Model: "sequential_1"
_________________________________________________________________
 Layer (type)                Output Shape              Param #   
 dense_9 (Dense)             (None, 1024)              30720     
                                                                 
 dense_10 (Dense)            (None, 512)               524800    
                                                                 
 dense_11 (Dense)            (None, 256)               131328    
                                                                 
 dense_12 (Dense)            (None, 128)               32896     
                                                                 
 dense_13 (Dense)            (None, 64)                8256      
                                                                 
 dense_14 (Dense)            (None, 32)                2080      
                                                                 
 dense_15 (Dense)            (None, 16)               

In [49]:
model.evaluate(x,y)



[0.057105787098407745, 0.9830290079116821]

## The success rate in modelling with Deep Learning, which we used as an alternative, was 98%.

---------------------------------

#### Scaling properties

In [81]:
scaler = StandardScaler()
x_scaled = scaler.fit_transform(x)
x_active_users_scaled = scaler.transform(x_active_users[x.columns])

---------------------------------

#### Churn predictions are made

In [82]:
active_user_churn_predictions_dl = model.predict(x_active_users_scaled)

-----------------------

#### Predictions are converted into binary classification results (0 or 1).

In [83]:
active_user_churn_predictions_dl_binary = (active_user_churn_predictions_dl > 0.5).astype(int)

---------------------------------

#### Forecasts for active users in the second period are added to the dataset.

In [84]:
x_active_users['Churn_Prediction_DL'] = active_user_churn_predictions_dl_binary

---------------------------------

####  Churn predictions are shown.

In [85]:
z = x_active_users[['UserID', 'Churn_Prediction_DL']]
z.head()

Unnamed: 0,UserID,Churn_Prediction_DL
0,500546547,0
1,500546547,0
2,500338383,0
3,500338383,0
4,500338383,0


---------------------------------

# CONCLUSIONS:

In this project, we performed a customer churn analysis using 18 months of transactional data from a company. The main objective of this analysis was to predict customer churn and thus optimise the company's customer relationship management strategies.

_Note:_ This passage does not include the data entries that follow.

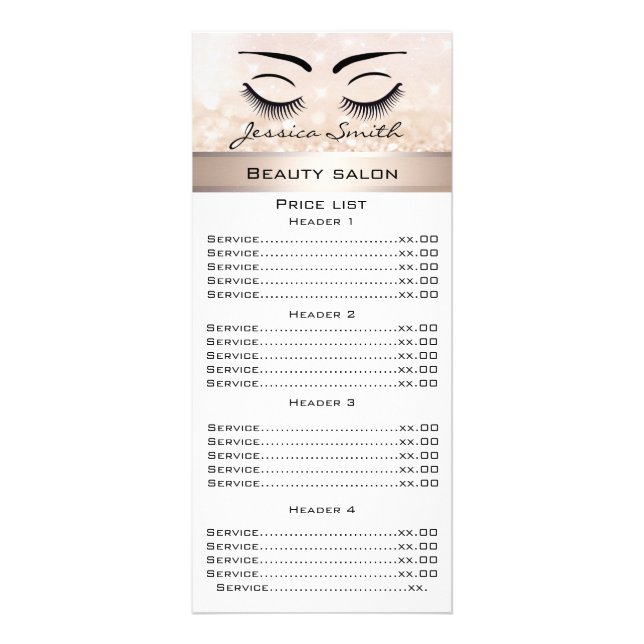 Elégant cils & épilation de sourcils carte menu (Devant)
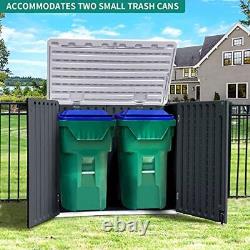 Outdoor Resin Storage Sheds, 39 in Height Lockable Medium-4.3x3.4ft Dark Gray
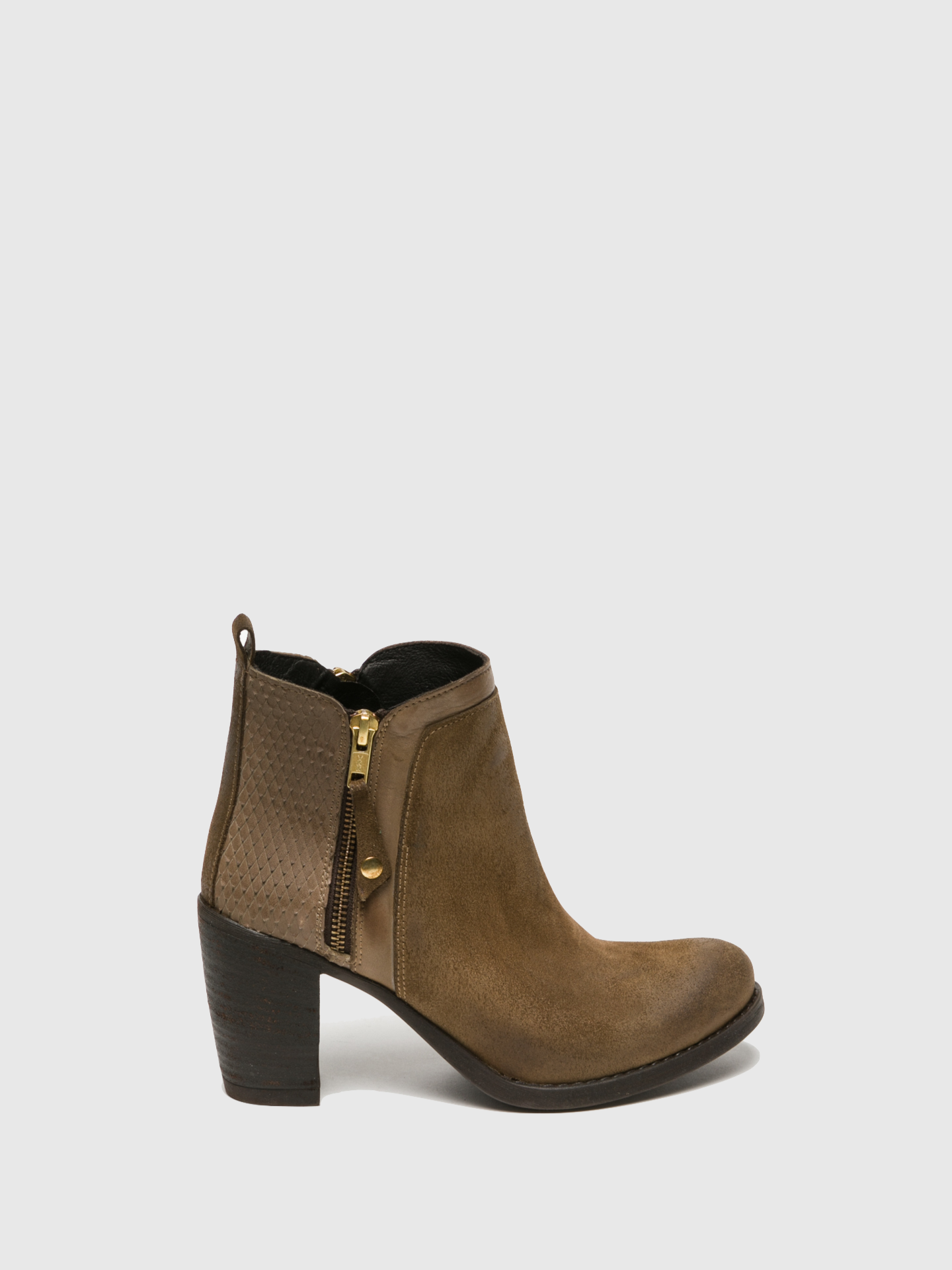 Foreva Tan Zip Up Ankle Boots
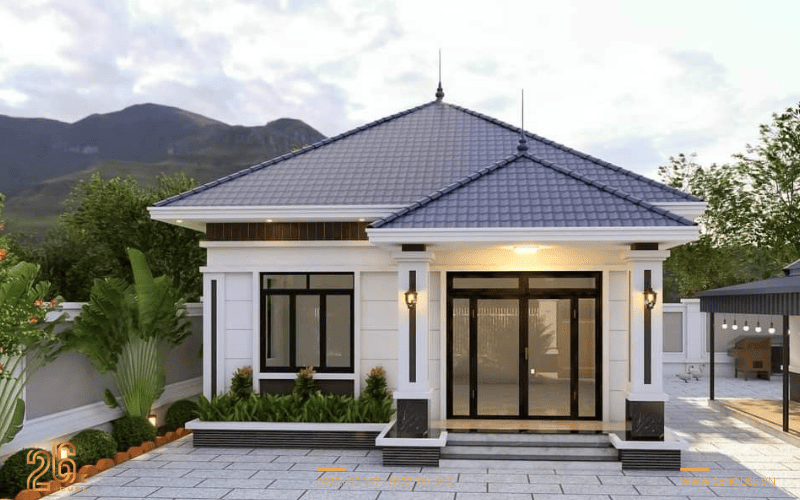 Mẫu nhà vườn cấp 4 hiện đại đơn giản 
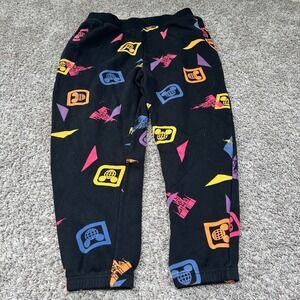 Disney World Epcot Theme Park Black Graphic Print‎ Jogger Sweatpants Size Large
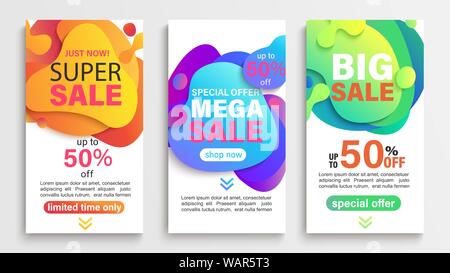 Set of liquid abstract sale banners. Discounts and promotions posters and flyers. Fluid gradient dynamic elements for advertise, mobile flash messages Stock Vector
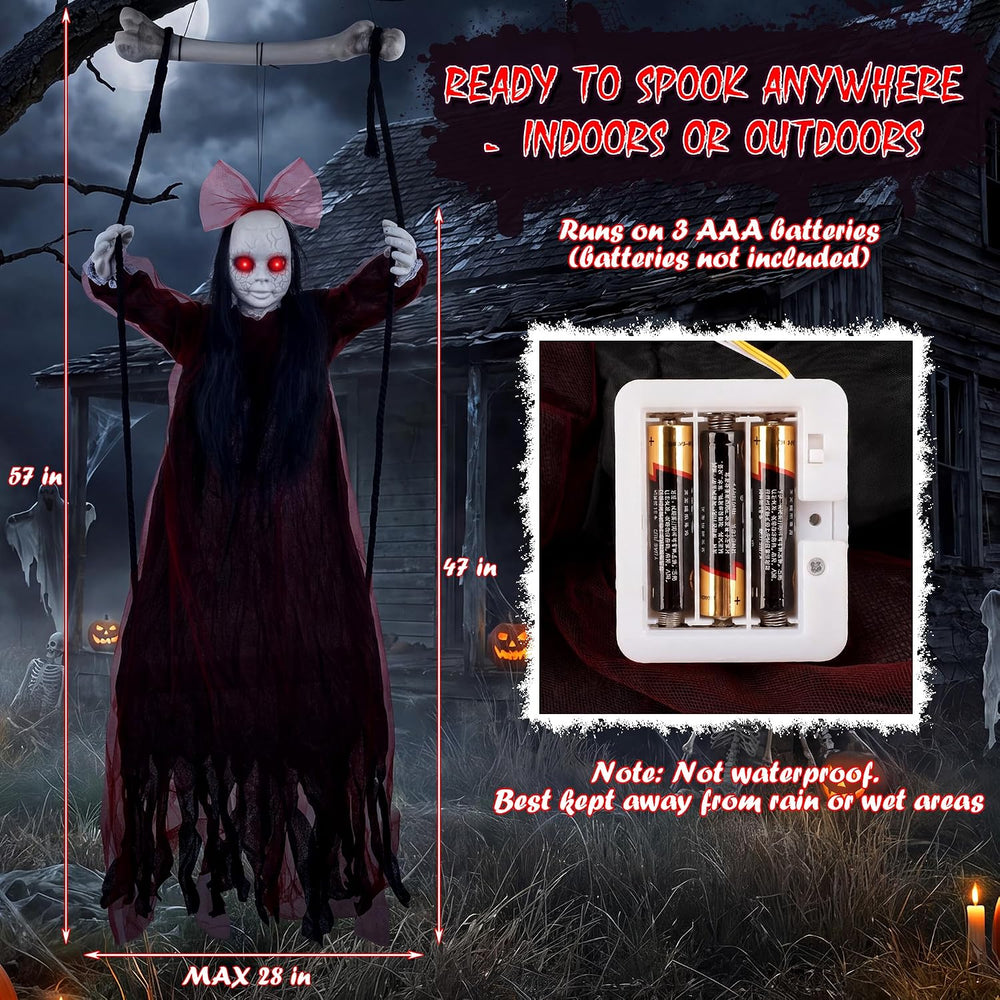 Halloween Decorations Outdoor, Creepy 57” Hanging Swinging Ghost Doll Girl, S...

The dataset contained different attributes such as transaction ID, user ID, date, product ID, payment channel and type, price, discount, user's first transaction date, gender, age and category. As a first step, we created the churn variable from the dataset. In this process, we determined whether active users in the first 9-month period churned in the following 3-month period.

After constructing the churn variable, we addressed the problem of unbalanced class distribution. To solve this problem, we used the SMOTE method, thus removing the imbalance between churn and non-churn instances in the training dataset.

Then, we split the dataset into two 9-month periods and use the churn model in the first period to predict whether active customers in the second period churn or not. These predictions can help the company to develop strategies to prevent customer churn.

In the last step, we evaluated the performance of different classification algorithms on the SMOTE-balanced dataset, including Gaussian Naive Bayes, K-Nearest Neighbour, Support Vector Machines, Bernoulli Naive Bayes, Random Forest, Gradient Boosting, Logistic Regression and Decision Trees. By comparing the performances of these algorithms, the most appropriate model can be selected to enable the company to perform churn predictions more accurately and reliably.

As a result of this project, by analysing customer churn and addressing the problem of unbalanced dataset, we have helped the company to predict customer churn. This information will help the business to improve customer relationship management strategies and take specific measures to prevent customer churn.